On Wed, Apr 19, 2017 at 12:02 PM, Florian Weimer <fweimer@redhat.com> wrote:
On 04/19/2017 08:35 PM, H.J. Lu wrote:
dl_platform and dl_hwcap are set from AT_PLATFORM and AT_HWCAP very
early during startup. They are used by dynamic linker to determine
platform and build an array of hardware capability names, which are
added to search path when loading shared object. dl_platform and
dl_hwcap are unused on x86-64. On i386, i386, i486, i586 and i686
platforms were supported and only SSE2 capability was used.
I don't know where you want to take this, so it's hard to tell if this is
going to cause problems eventually.

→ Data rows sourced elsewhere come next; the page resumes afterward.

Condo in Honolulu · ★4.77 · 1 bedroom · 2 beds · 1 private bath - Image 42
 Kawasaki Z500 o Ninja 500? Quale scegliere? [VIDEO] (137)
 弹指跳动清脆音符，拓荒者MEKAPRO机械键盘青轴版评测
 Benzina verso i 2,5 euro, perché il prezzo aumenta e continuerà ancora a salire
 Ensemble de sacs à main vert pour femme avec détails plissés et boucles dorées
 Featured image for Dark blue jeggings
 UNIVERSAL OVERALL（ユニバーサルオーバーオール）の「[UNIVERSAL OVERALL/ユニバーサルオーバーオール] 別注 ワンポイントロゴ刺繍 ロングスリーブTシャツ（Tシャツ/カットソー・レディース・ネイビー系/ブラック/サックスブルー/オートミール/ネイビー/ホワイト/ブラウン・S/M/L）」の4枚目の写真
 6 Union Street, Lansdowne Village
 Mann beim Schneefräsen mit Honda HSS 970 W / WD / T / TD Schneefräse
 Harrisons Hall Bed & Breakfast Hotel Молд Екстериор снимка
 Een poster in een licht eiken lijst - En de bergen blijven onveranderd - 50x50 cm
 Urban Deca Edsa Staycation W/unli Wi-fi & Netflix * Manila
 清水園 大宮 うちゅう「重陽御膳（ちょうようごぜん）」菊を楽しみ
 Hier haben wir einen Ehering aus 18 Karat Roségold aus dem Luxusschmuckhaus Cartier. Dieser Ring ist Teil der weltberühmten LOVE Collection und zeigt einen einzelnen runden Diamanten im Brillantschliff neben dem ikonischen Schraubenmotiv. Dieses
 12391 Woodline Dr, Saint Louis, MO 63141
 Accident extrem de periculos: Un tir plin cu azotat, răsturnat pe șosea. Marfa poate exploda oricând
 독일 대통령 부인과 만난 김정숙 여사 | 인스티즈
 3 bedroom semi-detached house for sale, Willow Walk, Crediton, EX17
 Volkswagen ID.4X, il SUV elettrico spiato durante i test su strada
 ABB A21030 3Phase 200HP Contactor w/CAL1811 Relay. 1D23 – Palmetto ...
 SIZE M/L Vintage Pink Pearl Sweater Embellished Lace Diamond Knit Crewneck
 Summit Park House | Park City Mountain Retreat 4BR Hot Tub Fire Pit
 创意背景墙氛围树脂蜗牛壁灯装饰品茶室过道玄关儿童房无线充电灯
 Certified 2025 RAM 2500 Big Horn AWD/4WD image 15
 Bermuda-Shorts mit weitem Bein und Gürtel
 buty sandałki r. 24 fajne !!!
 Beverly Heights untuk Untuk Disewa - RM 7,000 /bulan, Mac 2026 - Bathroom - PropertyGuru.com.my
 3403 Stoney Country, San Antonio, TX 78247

GLRO is default-initialized in a nested
libc (after dlmopen or static dlopen).
dl_platform and dl_hwcap are used to search for additional directories when
loading a shared object:
15453: find library=libx.so [0]; searching
15453: search path=./tls/x86_64:./tls:./x86_64:. (RPATH from file ./m)
15453: trying file=./tls/x86_64/libx.so
15453: trying file=./tls/libx.so
15453: trying file=./x86_64/libx.so
15453: trying file=./libx.so
15453:
My change updates them inside dynamic linker before they are used
by dynamic linker. On Haswell class machines, I got
19268: find library=libx.so [0]; searching
19268: search path=./tls/haswell:./tls:./haswell:. (RPATH from file ./m)
19268: trying file=./tls/haswell/libx.so
19268: trying file=./tls/libx.so
19268: trying file=./haswell/libx.so
When loading libx.so, it prefers the one in the "haswell" subdirectory.
One can place shared libraries optimized for Haswell class processors
under the "haswell" subdirectory. They will be used on Haswell class
processors. It has no impact on static dlopen nor nested libc.